FilmLight et "Paris, etc." : apporter l’esthétique du cinéma à la télévision

par FilmLight La Lettre AFC n°284

"Paris, etc." est une série en douze épisodes diffusée en décembre dernier, produite par Canal+, réalisée par Zabou Breitman et écrite par Maïwenn et Anne Berest. Développer un contenu créatif et de haute qualité attendue par le public, tout en respectant les délais typiques des productions télévisuelles, a été un défi que le directeur de la photographie Antoine Roch, AFC, le DIT Nejib Boubaker, ADIT, et l’étalonneur Fabien Napoli (Le Labo Paris) ont tous relevés.

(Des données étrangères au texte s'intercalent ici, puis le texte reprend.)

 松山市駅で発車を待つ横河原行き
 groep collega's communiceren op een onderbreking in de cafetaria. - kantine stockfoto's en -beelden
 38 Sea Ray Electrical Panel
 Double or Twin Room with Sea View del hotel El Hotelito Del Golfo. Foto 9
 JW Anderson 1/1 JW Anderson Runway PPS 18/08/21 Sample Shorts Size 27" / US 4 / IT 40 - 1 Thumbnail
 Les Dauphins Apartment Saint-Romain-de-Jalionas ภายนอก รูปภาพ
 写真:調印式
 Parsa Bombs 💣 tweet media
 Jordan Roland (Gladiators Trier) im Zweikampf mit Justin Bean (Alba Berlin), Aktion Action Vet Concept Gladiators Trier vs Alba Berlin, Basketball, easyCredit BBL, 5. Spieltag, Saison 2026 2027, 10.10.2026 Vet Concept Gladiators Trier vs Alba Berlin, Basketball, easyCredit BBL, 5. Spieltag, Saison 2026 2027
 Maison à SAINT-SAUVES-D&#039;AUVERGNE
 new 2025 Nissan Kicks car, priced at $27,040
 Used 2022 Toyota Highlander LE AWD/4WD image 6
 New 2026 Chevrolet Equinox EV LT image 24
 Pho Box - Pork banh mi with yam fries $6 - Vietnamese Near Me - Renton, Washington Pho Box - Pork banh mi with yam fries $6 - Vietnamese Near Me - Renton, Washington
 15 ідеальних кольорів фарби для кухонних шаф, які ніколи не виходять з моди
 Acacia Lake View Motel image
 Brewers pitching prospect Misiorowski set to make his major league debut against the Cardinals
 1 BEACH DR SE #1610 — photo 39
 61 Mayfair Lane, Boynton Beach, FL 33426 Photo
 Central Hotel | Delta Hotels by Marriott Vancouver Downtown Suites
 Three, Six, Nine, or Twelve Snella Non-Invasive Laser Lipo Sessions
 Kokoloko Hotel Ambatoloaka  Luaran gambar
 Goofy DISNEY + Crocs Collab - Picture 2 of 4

« Sur ce projet, la postproduction allait s’étaler sur une période courte, juste quelques mois entre la fin du tournage et la diffusion », explique Nejib Boubaker. « Alors le directeur de la photographie, Antoine Roch, a décidé de commencer l’étalonnage sur le plateau. Il m’a contacté et a mentionné que l’étalonnage final aurait lieu au Labo, sur leurs stations d’étalonnage Baselight. »
Pour assurer la continuité colorimétrique et économiser du temps, Nejib a suggéré d’utiliser Prelight pendant le tournage. Prelight est un logiciel de visualisation et d’étalonnage sur le plateau, développé par FilmLight. Il offre les mêmes outils de gestion d’espace colorimétrique que le Baselight, et est aussi compatible avec le standard Baselight Linked Grade (BLG).
Le fichier caméra RAW demeure inchangé lors de son traitement par Prelight, Daylight – le logiciel de gestion de rushes conçu par FilmLight – et Baselight. L’étalonnage, développé et ajusté dans chaque outil, se retrouve sauvegardé dans le fichier BLG. Le BLG est alors transféré au prochain logiciel de la chaîne. Ce processus est complètement non-destructif.
« Nous avions la garantie que l’image visualisée sur le plateau avec son étalonnage serait identique à celle projetée dans la salle d’étalonnage », explique Nejib. « L’étalonneur utilisait le même "Working Colour Space" que nous. Il pouvait modifier ou supprimer n’importe quelle valeur colorimétrique que nous avions appliquée sur le plateau, y compris les shapes et les keyers. Je pouvais accommoder n’importe quelle requête du directeur de la photographie, en sachant que ce travail serait utilisable par l’étalonneur plus tard. »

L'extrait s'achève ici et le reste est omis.